Cette bande-dessinée me faisait de l’œil depuis le début de l’année et j’ai enfin pu la découvrir ! Une très belle découverte, que ce soit au niveau du scénario, de la construction des personnages ou encore du dessin.


Quatrième de couverture : « Anna Coleman, sculpteur, va mettre au point des prothèses faciales pour les gueules cassées de la grande guerre. Le récit se déroule pendant la première guerre mondiale. Dans les tranchées en 1917 et à Paris en 1919.

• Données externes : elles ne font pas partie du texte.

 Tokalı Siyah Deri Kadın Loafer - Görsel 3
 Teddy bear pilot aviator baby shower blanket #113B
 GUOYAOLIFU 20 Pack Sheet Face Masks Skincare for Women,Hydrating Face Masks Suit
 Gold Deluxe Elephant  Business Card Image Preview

Anna Coleman est une américaine marié à un médecin de Boston. Passionnée par la sculpture qu’elle a étudié avec Rodin, elle va revenir à Paris lors que la première guerre éclate. Elle accompagne son mari lorsqu’il se porte volontaire pour diriger un hôpital militaire. Elle découvre l’horreur de la guerre et les mutilations des soldats.

À Londres, elle visite le Tin nose shop un magasin de nez d’étain. Elle a trouvé sa vocation  : créer un procédé de reconstruction faciale pour permettre aux gueules cassées de retrouver leur dignité et de continuer tant bien que mal à avoir une vie sociale et amoureuse. »

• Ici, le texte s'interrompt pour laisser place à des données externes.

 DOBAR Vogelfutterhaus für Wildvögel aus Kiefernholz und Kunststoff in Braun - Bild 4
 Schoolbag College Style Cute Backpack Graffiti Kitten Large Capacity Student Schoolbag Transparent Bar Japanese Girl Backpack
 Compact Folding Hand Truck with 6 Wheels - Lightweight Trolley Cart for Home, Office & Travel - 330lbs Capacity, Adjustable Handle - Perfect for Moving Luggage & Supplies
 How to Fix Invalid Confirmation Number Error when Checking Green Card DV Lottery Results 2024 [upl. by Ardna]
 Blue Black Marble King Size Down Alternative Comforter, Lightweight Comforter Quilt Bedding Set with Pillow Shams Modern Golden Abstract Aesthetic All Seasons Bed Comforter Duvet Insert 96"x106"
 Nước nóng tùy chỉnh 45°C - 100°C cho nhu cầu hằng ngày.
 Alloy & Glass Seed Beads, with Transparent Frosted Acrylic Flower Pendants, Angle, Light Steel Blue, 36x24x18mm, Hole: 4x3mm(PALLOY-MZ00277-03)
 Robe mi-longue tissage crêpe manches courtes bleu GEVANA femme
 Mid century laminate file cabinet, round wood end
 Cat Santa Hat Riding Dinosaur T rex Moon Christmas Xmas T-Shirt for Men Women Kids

Si au départ je n’ai pas vraiment accroché au dessin, je me suis très vite habituée et imprégnée de l’ambiance graphique. Finalement, j’ai aimé ce coup de crayon qui sait se faire rugueux ou doux quand le propos le requiert. Ce qui en soit, est une grande qualité car le ton des différents passages du livre s’est très bien installé.

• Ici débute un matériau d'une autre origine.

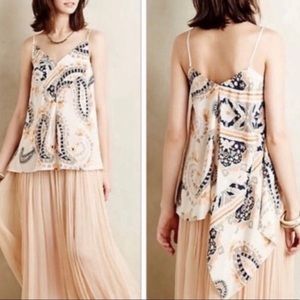 Anthropologie HD In Paris Paisley Moonset Silk Asymmetrical Tank Size 2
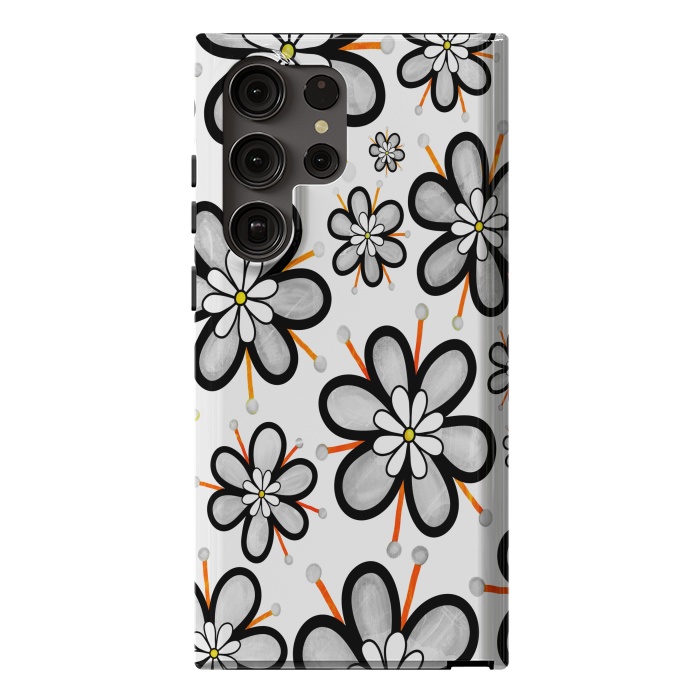 Galaxy S23 Ultra StrongFit gray flowers  by haroulita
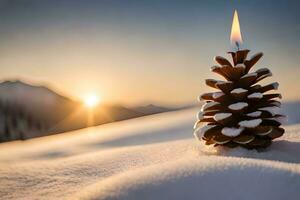 AI generated five pine cones with candles in the snow photo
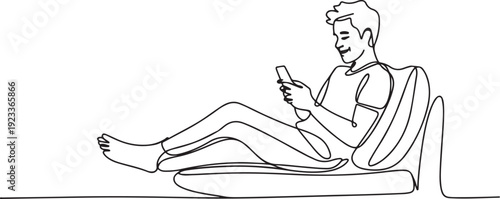 man relaxing, playing with cellphone sitting on the sofa. enjoying holidays.one line vector illustration with out Background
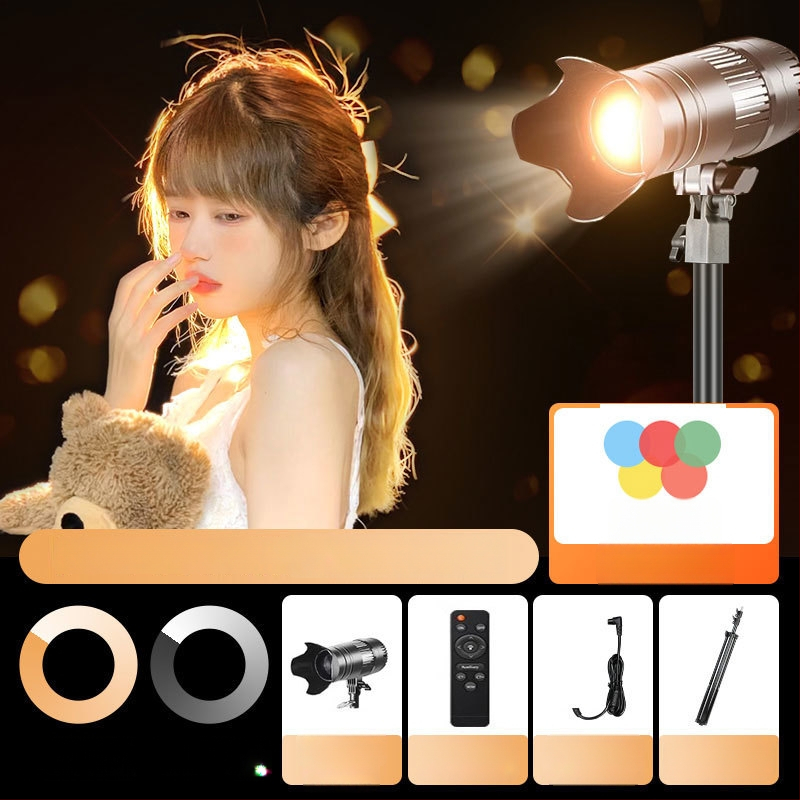 Transliacijoms grožiui skirtas šviesos su plaukų papildomu šviesos, fokuso šviesa ir kontūro šviesa, daugiažymė spalvų temperatūra, atskiras maitinimo šaltinis, ryškumo reguliavimas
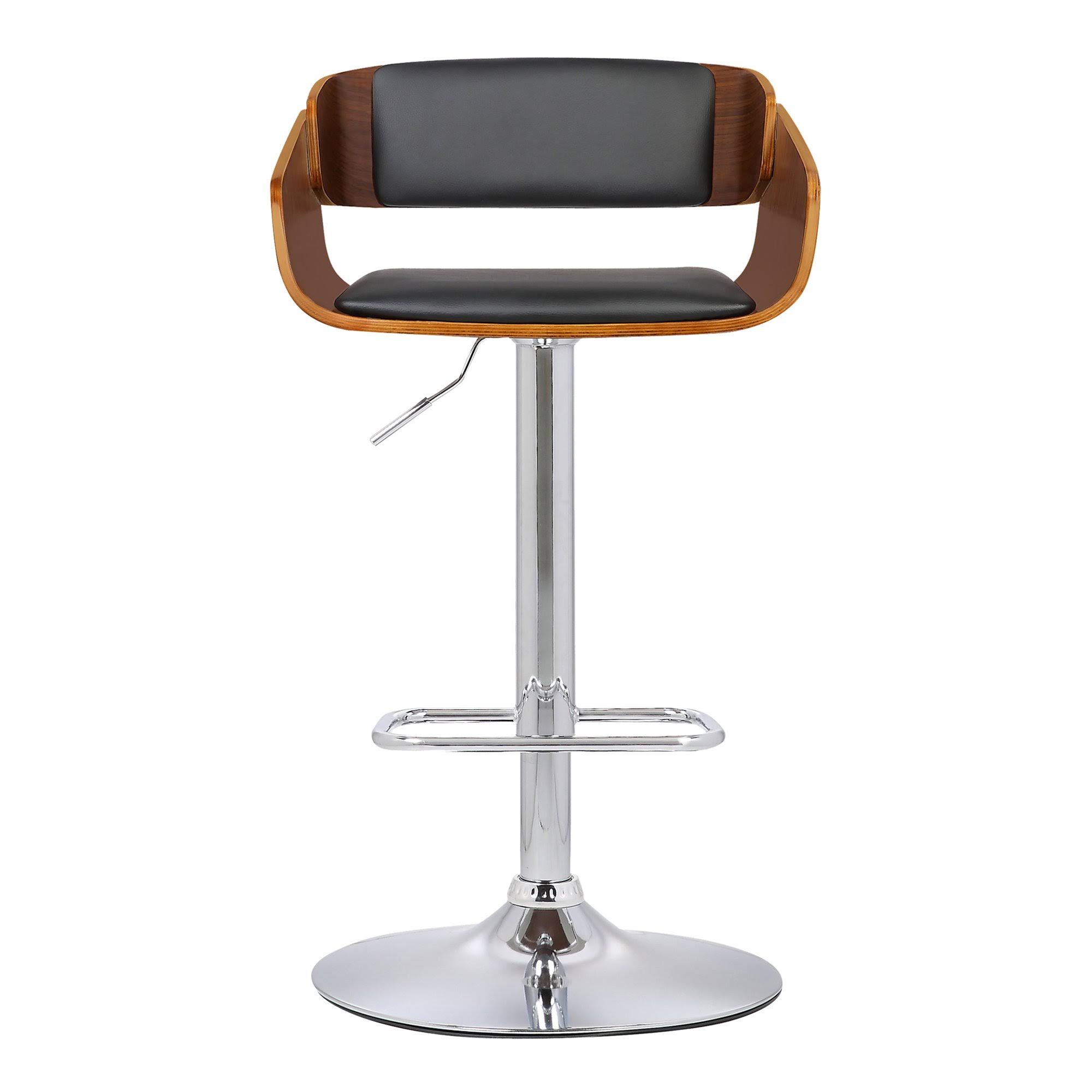 Armen Living Jenny Faux Leather Adjustable Swivel Bar Stool, Black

Nous suivons trois personnages, trois tranches de vie. Si le propos de départ est l’installation du cabinet de création de masques pour les gueules cassées, à l’initiative d’Anna Coleman, nous découvrons aussi la vie d’Antonin de Mussan et de Félix Bontarel. Ils ont des grades différents lors de leur passage au front et des vies différentes aussi. Mais l’épreuve de la mutilation leur fait un point commun qui va les lier et les entraîner sur des chemins dangereux. La folie n’est jamais loin quand le malheur est grand, quand on a perdu une partie de soi et qu’on ne se reconnait plus.

Ce livre est une histoire sur la guerre, sur l’engagement ainsi que sur la reconstruction physique comme psychologique. Je n’ai aucun doute sur le fait qu’il touche un grand nombre de lecteurs car, outre son positionnement historique, il peut avoir une portée qui ne se résume pas à ce conflit. Mais la question des gueules cassées, c’est vrai, est très liée à la Première Guerre mondiale et j’ai aimé que ces hommes soient au cœur d’une histoire et pas laissés au banc de la société.

« Les défigurés de la guerre avaient comme consigne de l’État de rester cachés le jour pour ne pas démoraliser le peuple qui ne voulait voir de son armée qu’un visage conquérant. Aussi, c’est la nuit que ces hommes surgissaient de partout et que Maynard avait pu les voir arpenter les rues comme des êtres d’un autre monde. »

Le dénouement est peut-être un peu rapide. Il est positif, ce qu’il faut souligner étant donné le sujet, les pathologies psychiatriques liées à la Première Guerre mondiale ayant été vraiment très lourdes. Une fin plutôt lumineuse et emprunte d’espoir qui clôt en beauté ce roman graphique qui ne nous épargne cependant pas la réalité de ce conflit. Un biopic bienvenu sur cette histoire méconnue, quelques photographies d’archives à la fin du livre viennent sceller son impact sur le lecteur.